SYNOPSIS: Thousand of Assamese have been picketing Oil India's pipeline headquarters in the troubled north-eastern state. Oil supplies from the region have been halted, causing shortages of kerosene and diesel oil that have cost the Indian government more than fifty million pounds (100 million dollars) a month. Buses brought thousands of reinforcements for the pickets.
There was almost a picnic atmosphere until the government of Mrs. Indira Gandhi, facing one of its most serious crises since Mrs. Gandhi was returned to power, moved to end the occupation on Sunday (20 April). The Assemese have risen against what they call 'foreigners' in their state. Workers from outside the region mainly originate from Bangladesh and Nepal. The demonstrators' banners say 'go back foreigners no deportation, no more oil.'
Students have been playing a leading role in pressing the region's demands for deportation. This meeting at Gauhati university followed the New Delhi government's refusal to agree to their demands to deport the foreign workers, many of whom have been in the region for generations. But Assam faces the possibility of yet more immigrant workers. Armed Indian police have seized the oil installation and arrested many pickets, (reported to number 3,000) leaving the problem of manning the oil facilities.

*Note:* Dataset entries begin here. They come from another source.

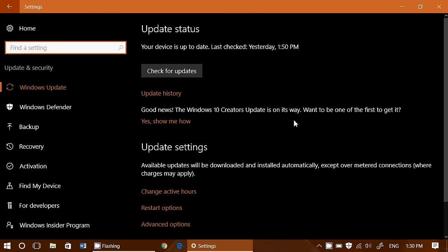So this new little thing really shows us that the Creator's update is on its way. Interesting to see.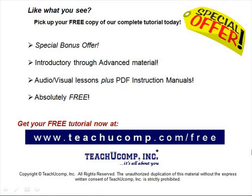Like what you see? Pick up your free copy of the complete tutorial at www.teachucomp.com forward slash free.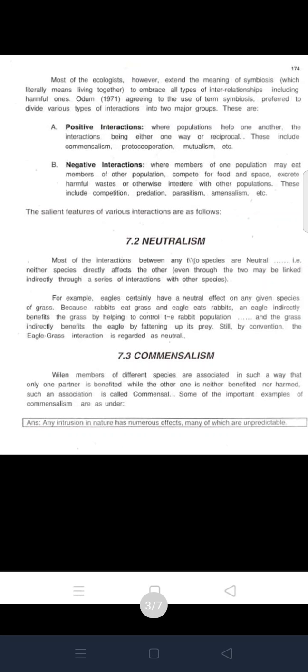Most ecologists extend the meaning of symbiosis, which literally means 'living together.' They say that symbiosis embraces all types of interrelations, including harmful ones. In a symbiotic association, there are two members whose effects can be harmful or beneficial. Lichen is considered a preferable example of symbiosis.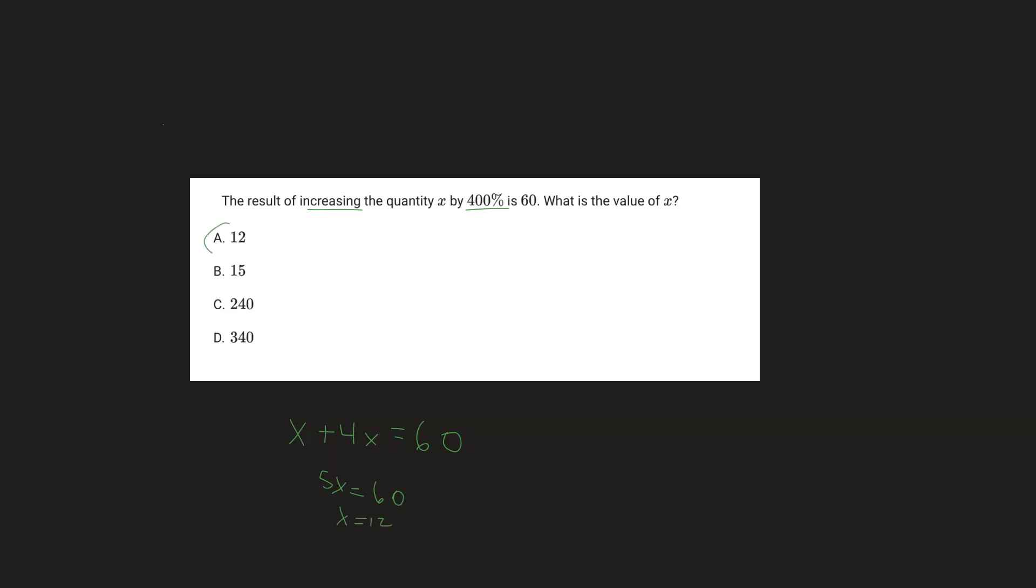So another way you could think about this is that if you increase the quantity by 100%, you're doubling it. So if you increase it by 200%, you're tripling it. And therefore, by increasing the quantity by 400%, you're really just multiplying the original value by 5. And so 60 divided by 5 is 12.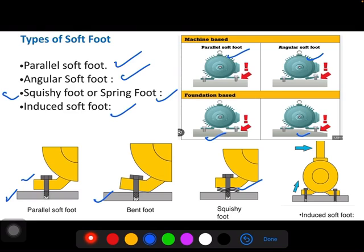Last one is induced soft foot. What is induced soft foot? It is because of external forces. When you connect the suction and delivery pipe for the pump and they are in stress condition, then it creates the soft foot. Sometimes couplings are in stress, or in case of some equipment that are in overhang, that also creates the soft foot.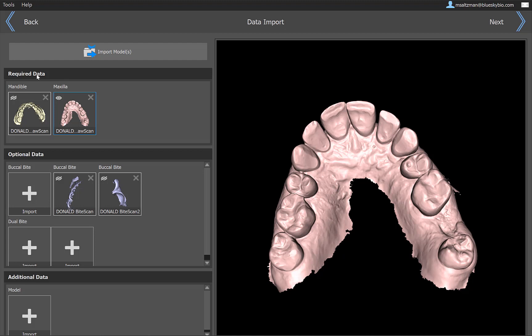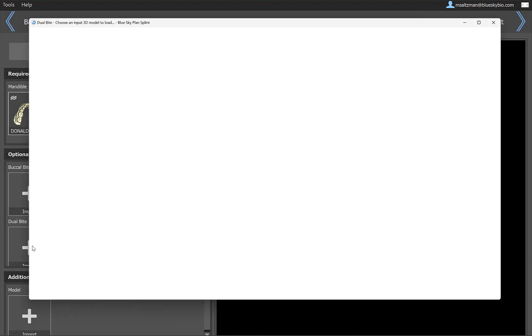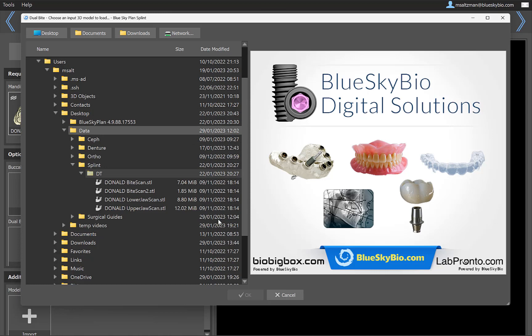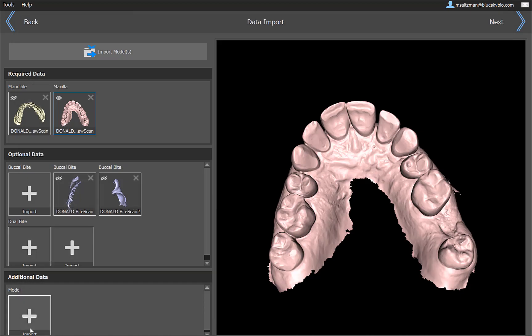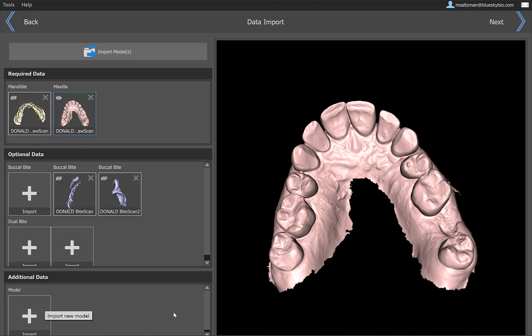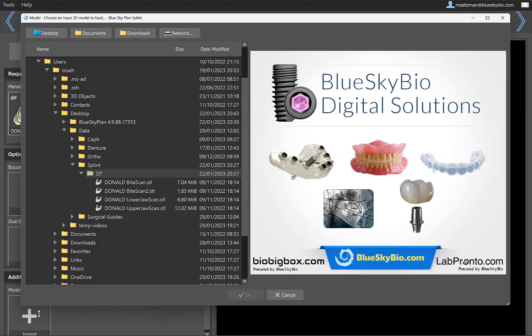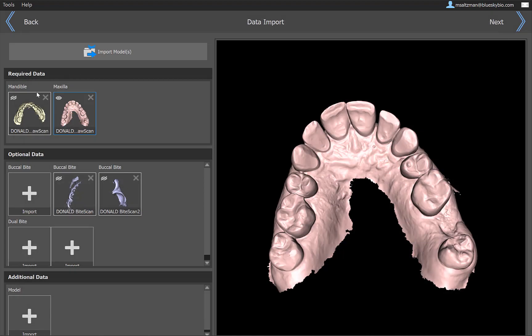The sections that we have here is that the top section is required data. It's the data that you must have in order to proceed. To create a splint, you must have a model. To create a surgical guide, you must have the CT and the STL. The optional data is exactly that. It's optional data. It could be a buccal bite, it could be a dual bite. If you have particular data saved in a particular location, other than what we just did, you could click the plus and select the relevant information. And then we have additional data. So if there's any other information that you dropped in and the software didn't automatically identify and organize, then it will show up in your additional data. And you could just drag it, grab it, and drag it to the relevant section where it's supposed to go.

An earlier attempt (19 April) by the authorities to secure the oil head ended in failure when a curfew imposed in the region was defied by thousands of demonstrators. The troops retreated and the pickets resumed, but the early morning raid (20 April) by the armed police forced them to retreat and assemble five miles (8 kilometres) outside Narengi. But while the occupation has ended, resumption of oil production is not certain while the oil workers are on strike.